Reductionism is the classic focus of science. If you explain the behaviour of the parts of the system then you have explained the entire system. The smaller you go, the more fundamental the science you are learning. As science has pushed the boundaries smaller and smaller, we have followed a strange path of simplification. For years, a limited number of atoms arranged neatly in the periodic table was explained in terms of only three “fundamental” particles - the electron, proton, and neutron. Only now are we realising it's a bit more complex. Our worldview has been altered by the discovery of a slew of new “fundamental” particles in high energy particles accelerators. Three "fundamental" particles were joined by 6 quarks (up, down, top, bottom, strange, charm), four force particles (gluon, photon, Z-boson, W-boson),  6 leptons (electron, muon, tau and their corresponding neutrinos), the Higgs boson and whatever we need to explain gravity: the long sought-after “theory of everything!”

But, if we know the “fundamental” laws of the parts of everything, do we really understand everything?

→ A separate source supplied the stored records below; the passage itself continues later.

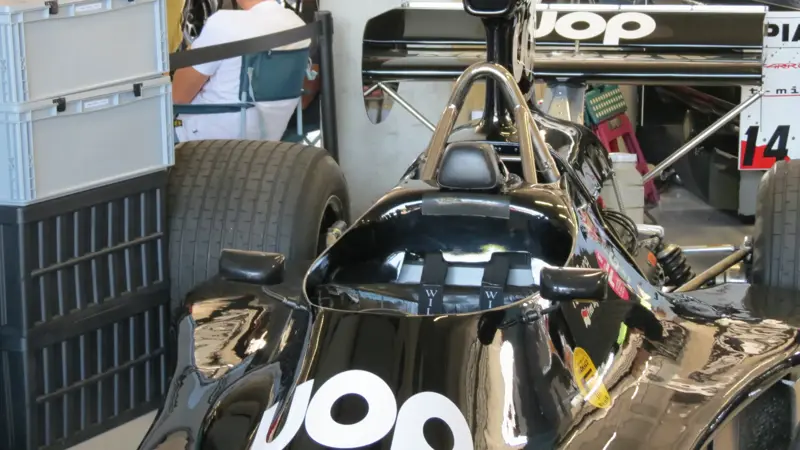シャドウDN3は、アメリカン・チームが1973年のF1シーズンに挑んだシングルシーターである。, 先日のヒストリック・ミナルディ・デイに出席した人々は、このマシンを目にすることができた。, デビュー戦は1973年のスペインGPで、ウェールズ人ドライバーのトム・プライスとフランス人ドライバーのジャン・ピエール・ジャリエが操縦。, BRMで経験を積んだばかりのトニー・サウスゲートが設計し、DN1やDN2から明確にステップアップした。, フレームはシンプルでコンパクトなアルミ製モノコックで、軽さと操縦性を重視して設計された。, トム・プライスはDN3のステアリングを握り、アグレッシブさとスピードで素晴らしい才能を見せた。, DN3にも3リッター・フォード・コスワースDFV V8エンジンが採用され、ヒューランド製5速ギアボックスが組み合わされた。, エアロダイナミクスのデザインは必要不可欠なものだったが、すでにサイドに沿った空気の流れをうまく利用する方向に向いていた。, このシャシーは、後のバージョンで開発されることになる強固なベースを提供し、シャドウの技術的進化に貢献した。, DN3はいくつかのレースでポイントを獲得した。, 信頼性と継続性にはまだ欠けていたが、この車はすぐに素晴らしい可能性を示した。, DN3はチームのF1での成功を象徴するマシンのひとつとして記憶されている。, このような厳しい選手権で安定した戦いができる現実への移行を象徴するものだった。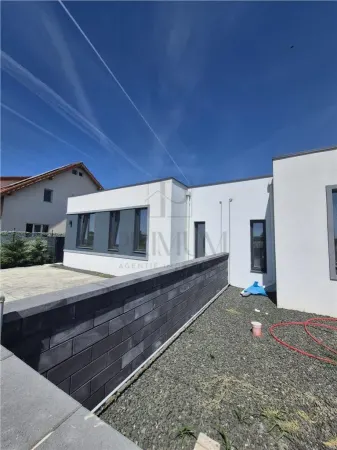 Casă 4 camere Moșnița Nouă - poza 4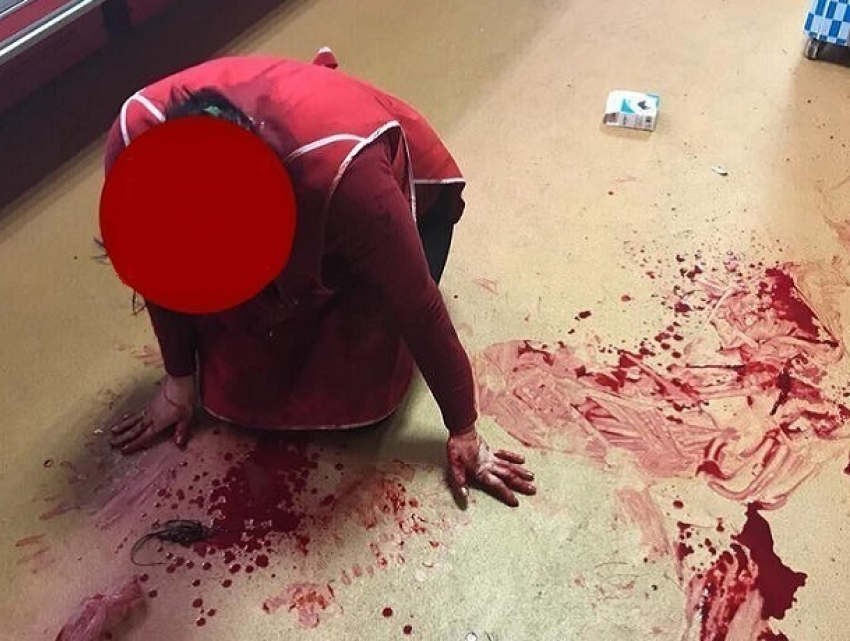 Кровавое нападение на магазин в Киеве: бандит жестоко изрезал женщину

Let’s take an apparently simple situation - foam. Foam is a collection of gas bubbles with liquid between them. At the most fundamental level, every molecule in the foam is in a fluid state - free to move and without a fixed position. However, if you ask whether or not the entire foam acts as solid (holds its shape) or a liquid (takes the shape of its container) - the answer is both - depending on the external conditions. Ultimately, you can not answer the question "is the foam a solid or liquid?" ONLY from information about the state of its smallest pieces. You need information about a larger scale of the foam. This is the heart of emergence and requires science that goes beyond reductionism. It is also the source of Nobel Physicist Phil Anderson’s relatively famous article - More is Different. In physics, we find the product of putting lots of stuff together is not always more of the same stuff but can actually result in very different kinds of physics.

What does this have to do with consciousness? We can pretty much agree that neurons are not conscious - at least the molecules in them are not - but we usually agree that people are. This is basically the same problem as foam being solid when its parts are not! With foam, we have some idea where the solid properties come from - the bubbles get in each other’s way. But there are still major details to work out - which is why I have a job! With consciousness, we are probably even further from understanding the rules at the scale of the brain that makes consciousness possible - but we know it is likely to be an emergent property.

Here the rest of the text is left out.